The statement also added that “there is a significant increase in the number of torture and ill-treatment cases in official custodial places, in proportion to the increasing authoritarianism of the political power, brought about by the violation of procedural guarantees, long-term custody periods, dysfunctional monitoring and prevention mechanisms or the sheer absence of independent monitoring and prevention mechanisms.”
Reminding that “nearly 100 people were tortured, according to the Turkish Human Rights Association (IHD) report in the first 6 months of 2020 in the South East of Turkey (Kurdish region). At least 2 people were subjected to torture and ill-treatment while in custody” the MRAP underlined that “the institutional culture of impunity is the basis of the development of the use of torture against Kurdish people in the framework of a racist policy.”

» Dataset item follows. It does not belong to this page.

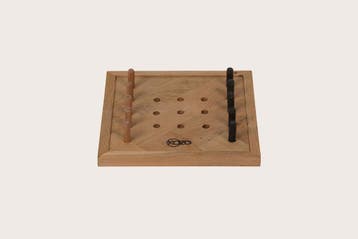 Handgemaakt Houten Boter, Kaas en Eieren Spel (Spellen), Ophalen of Verzenden, Nieuw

The Mouvement contre le racisme et pour l’amitié entre les peuples in its recommendation called upon “the Turkish government to discontinue the racist rhetoric and policy against the Kurdish people and to cease the repression against the Kurdish people and Kurdish political personalities” and “to the Special Rapporteur on contemporary forms of racism to engage with the Turkish government in order to put an end to the racist policy toward the Kurdish people.”